■ Task goal
The records are to be copied from the line that contains "Штативная головка Velbon PH-253" through their last line, word for word, with every picture left out.

(Extracted records)

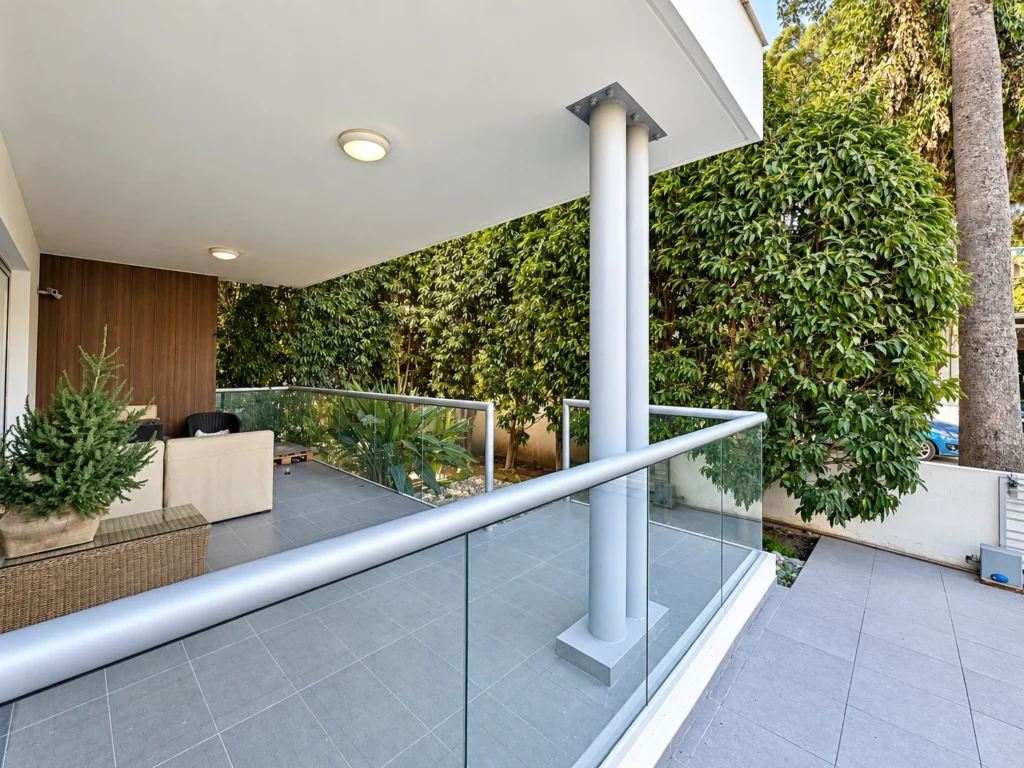 3 Bedroom Apartment for Sale in Engomi, Nicosia District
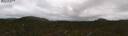 ./images/calvert/refstation/20260830/refstation20260830_200501M.jpg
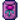 Fairy Seeds.png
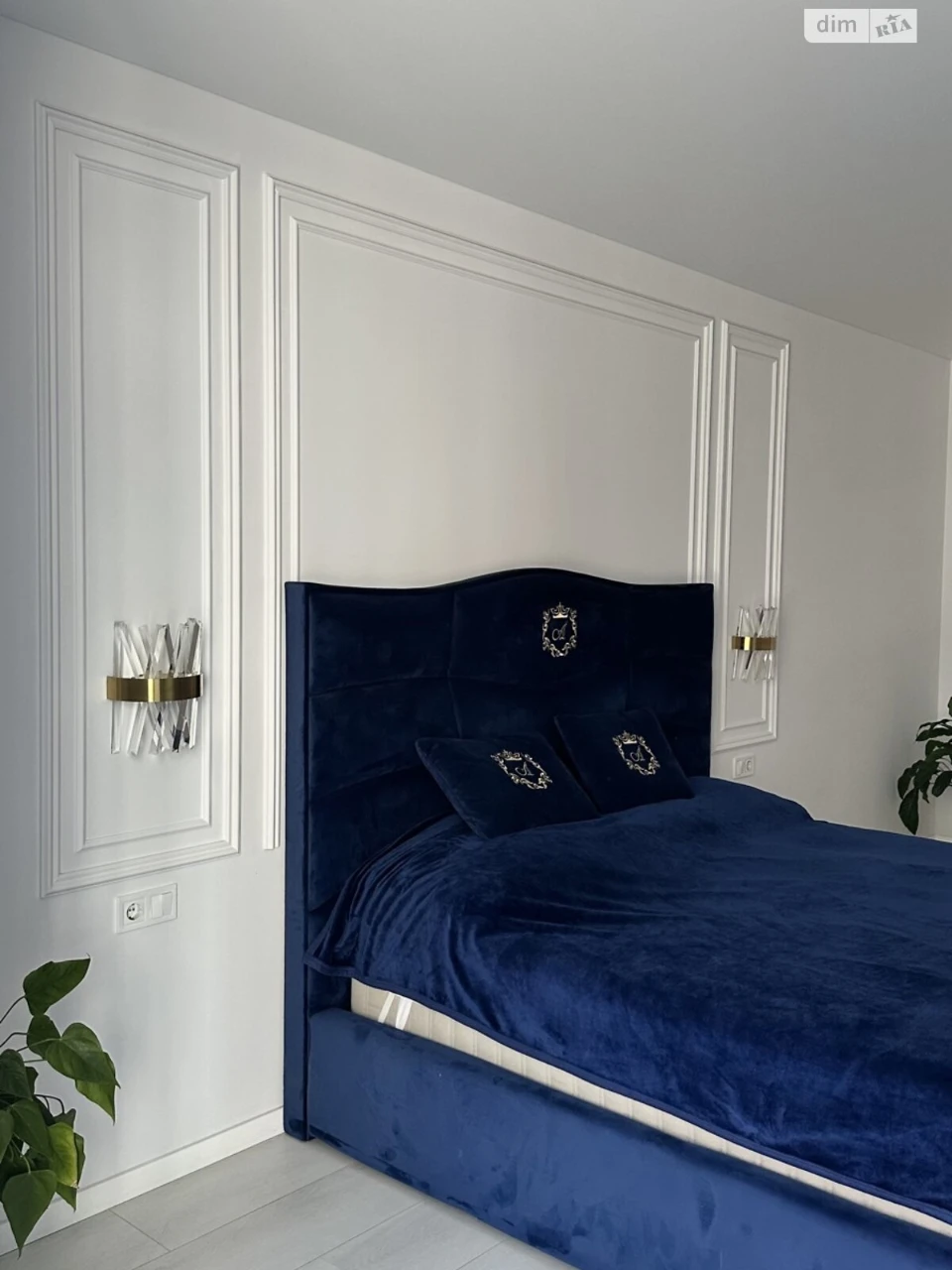 Продаж Квартира Олександрівський (Жовтневий)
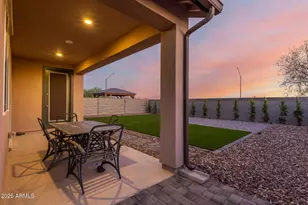 13159 W Buckskin Trl, Peoria, AZ 85383 - Photo 47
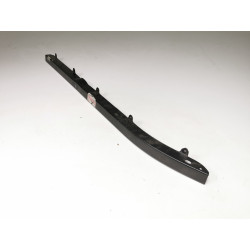 Prowadnica drzwi przesuwnych górna FORD Transit 1994-2000 (EY) OE 1015253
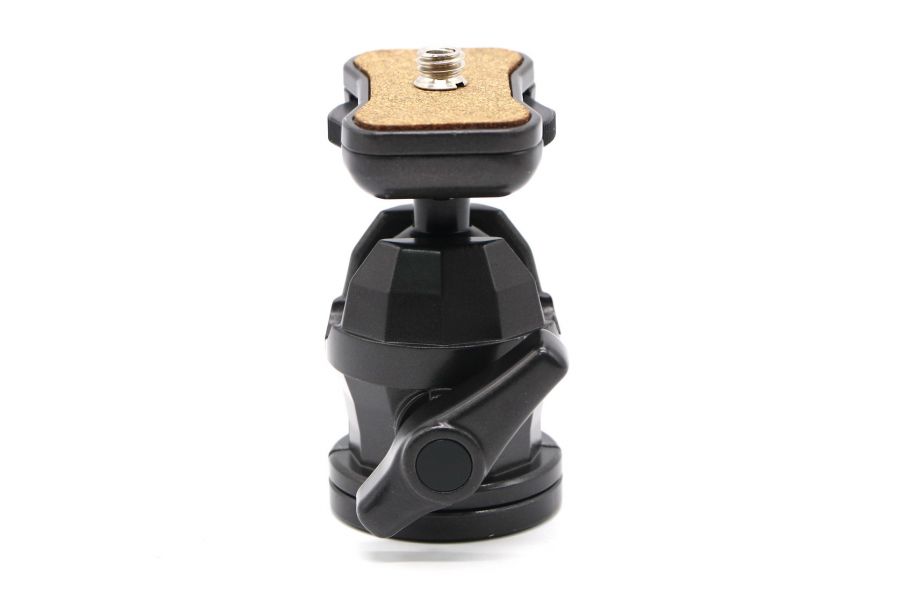 Штативная головка Velbon PH-253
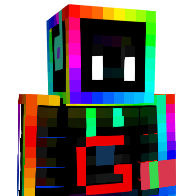Ballastic_123's Minecraft Skin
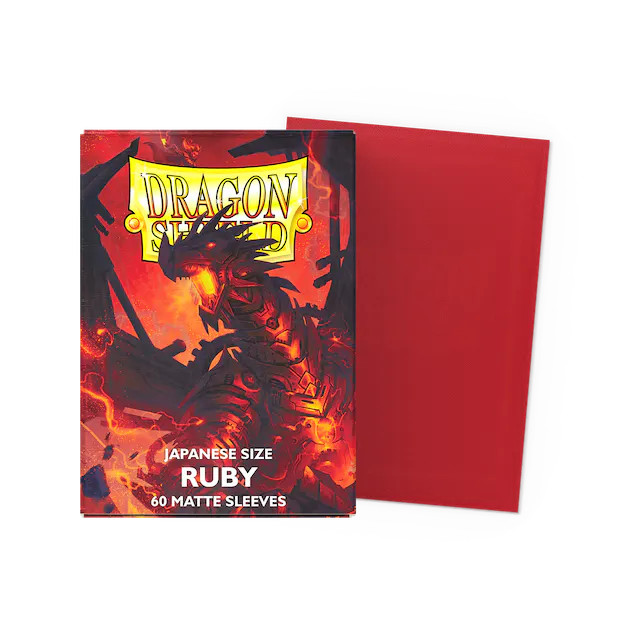 red dragon inn card sleeves Tales from the Red Dragon Inn" Card Sleeve Bundle (8810 X 2 + 8840 X sleevekings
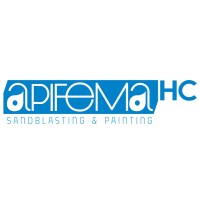 APIFEMA HC logo - Similar company to Apifema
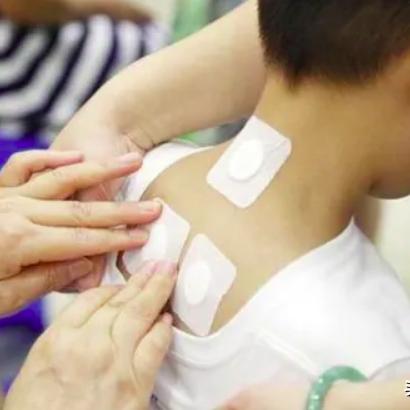 空之轨迹OL下架后玩家该如何继续体验游戏内容和维持游戏社区活跃？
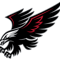 8.png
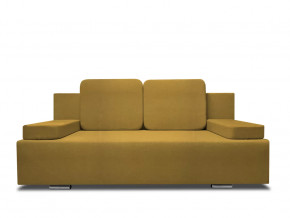 Диван Анри Bahama Plus Yellow кат. 2 в Мегионе - megion.mebel-tymen.ru | фото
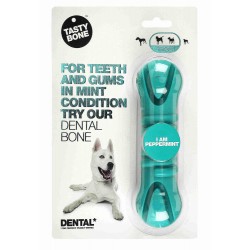 Tasty Dental Bone Menta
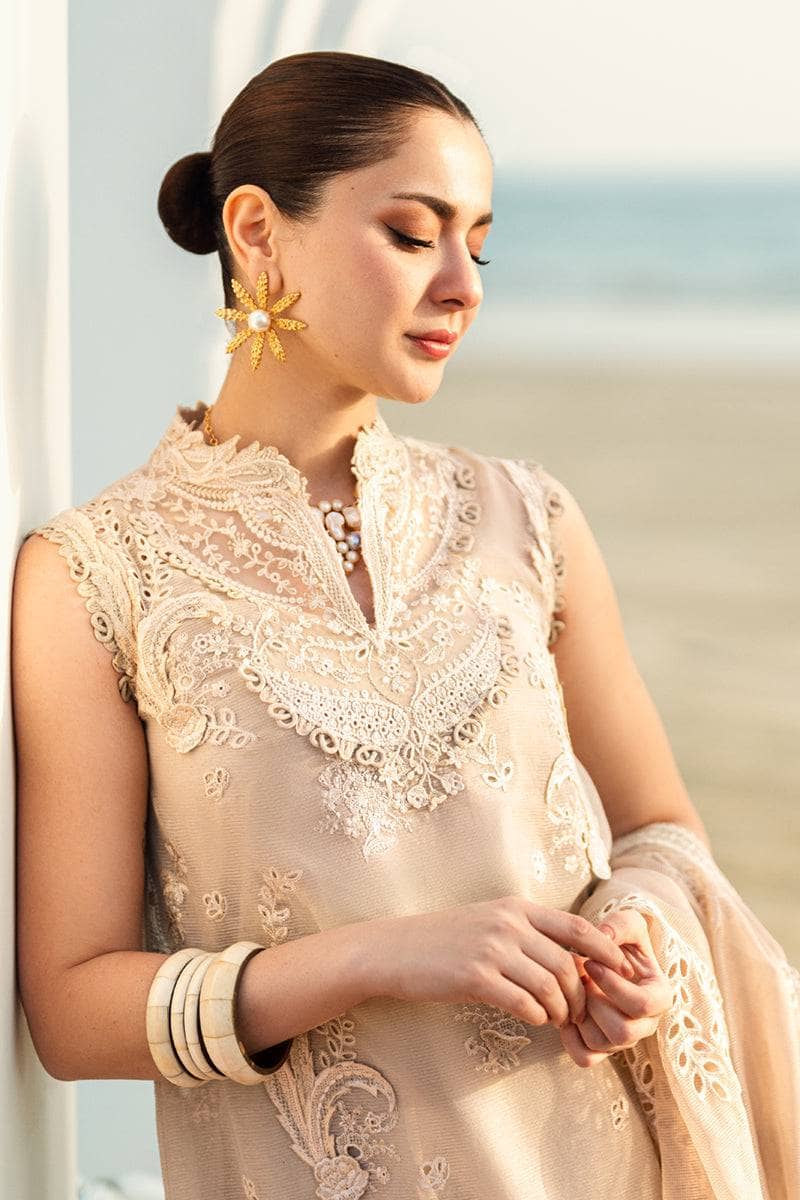 img_qalamkar_luxury_sahil_lawn_23_awwal_boutique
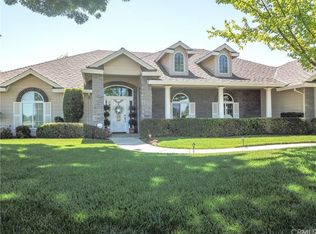 1480 Almond Crest Ave, Atwater, CA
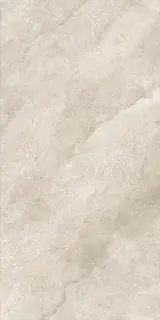 White / Уайт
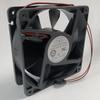 1238HH24B-WDB Inverter Fan 1238HH24B-WDB DC24V 0.70A 12CM Inverter Cooling Fan view 2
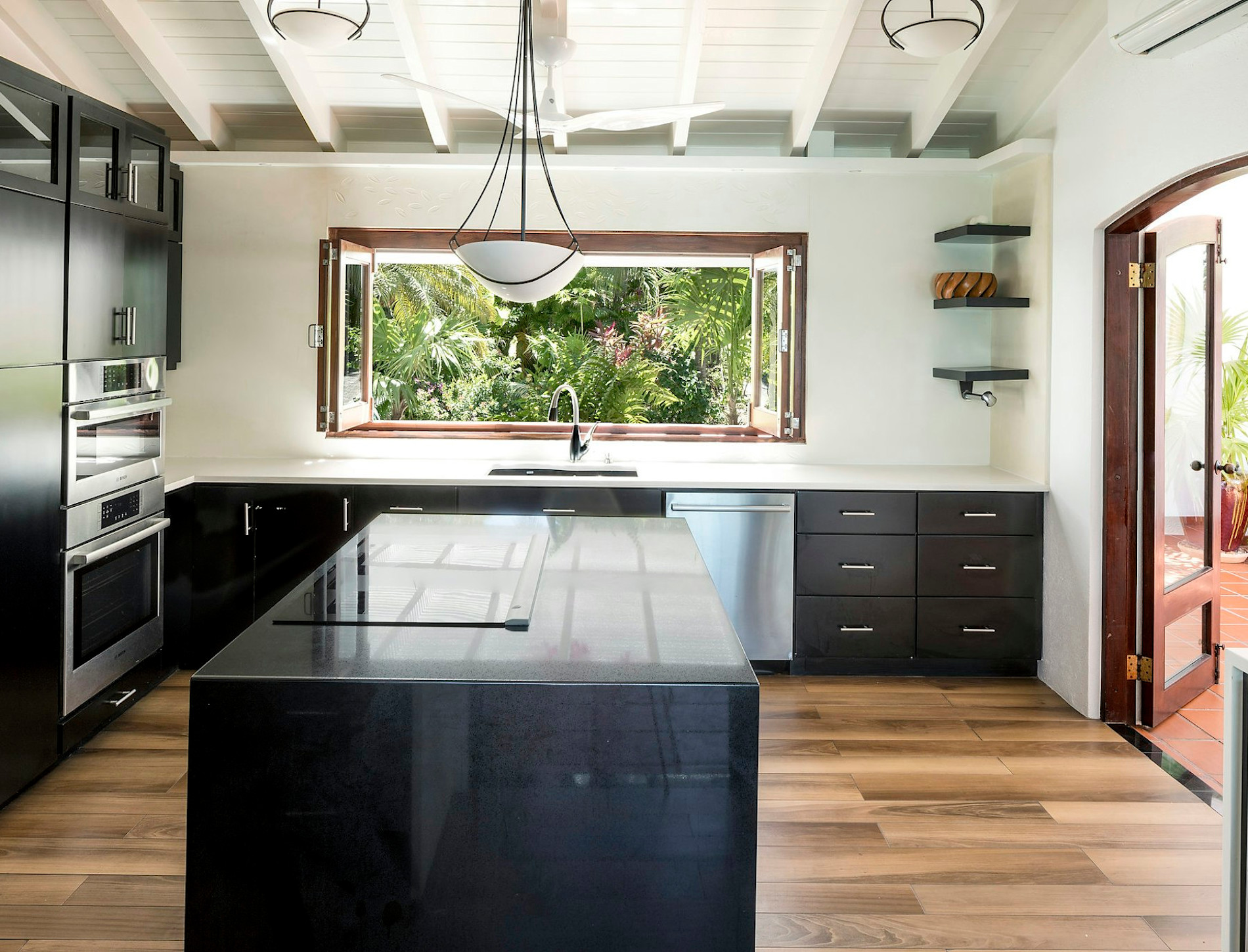 JBI - Room VSHA - Image 13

(End Extracted records)

■ The answer
 Штативная головка Velbon PH-253
Ballastic_123's Minecraft Skin
 red dragon inn card sleeves Tales from the Red Dragon Inn" Card Sleeve Bundle (8810 X 2 + 8840 X sleevekings
 APIFEMA HC logo - Similar company to Apifema
 空之轨迹OL下架后玩家该如何继续体验游戏内容和维持游戏社区活跃？
 8.png
 Диван Анри Bahama Plus Yellow кат. 2 в Мегионе - megion.mebel-tymen.ru | фото
 Tasty Dental Bone Menta
 img_qalamkar_luxury_sahil_lawn_23_awwal_boutique
 1480 Almond Crest Ave, Atwater, CA
 White / Уайт
 1238HH24B-WDB Inverter Fan 1238HH24B-WDB DC24V 0.70A 12CM Inverter Cooling Fan view 2
 JBI - Room VSHA - Image 13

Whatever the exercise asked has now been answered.